Die Nachricht vom Tod seines Schwagers, zu dem er immer aufgeschaut hat, ereilt Carlos Sastre im Trainingslager seines neuen Rennstalls, dem dänischen Team CSC von Bjarne Riis. Sastre ist am Boden zerstört, frustriert und tief deprimiert. Am Tag darauf klettert Sastre in der Trainingsvorbereitung für das Bergzeitfahren der Tour de France 2004 mühsam die 21 Kehren von Alpe d’Huez hinauf, begleitet von den quälenden Gedanken an seinen »großen Bruder«, den Bergkönig José Maria Jimenez.
Bjarne Riis hat es in dieser Zeit schwer, Carlos Sastre zum Weitermachen zu motivieren. Er will ihn nicht drängen, weiß aber um die brillianten Möglichkeiten des kleinen Kletterers. Später gibt er zu, große Angst um die weitere Karriere des begabten Fahrers gehabt zu haben.
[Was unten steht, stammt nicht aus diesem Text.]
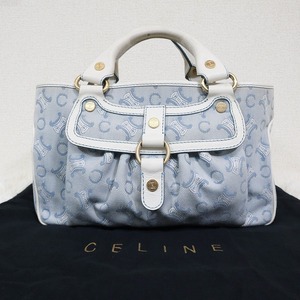 CELINE セリーヌ ブギーバッグ ハンドバッグ Cマカダム 保存袋付き ゴールド金具 ロゴ刻印 トリオンフ レディース アイスブルー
Carlos Sastre hat einen Traum! Er, der nach der Suspendierung von Ivan Basso der Kapitän bei CSC ist, liegt derzeit auf dem 6. Gesamtrang der Tour de France und kann sich morgen nun endgültig ein Stück seines Traums zurückholen. Denn es geht in die 13,8 km lange Steigung, die sich Sastre schon einen Tag nach dem schmerzhaften Tod seines Freundes hinauf gequält hat, den legendären Schluss-Anstieg von Alpe d’Huez. Und eines ist sicher – im Sturm auf den Gipfel wird Carlos Sastre seinen Freund José Maria Jimenez im Herzen tragen.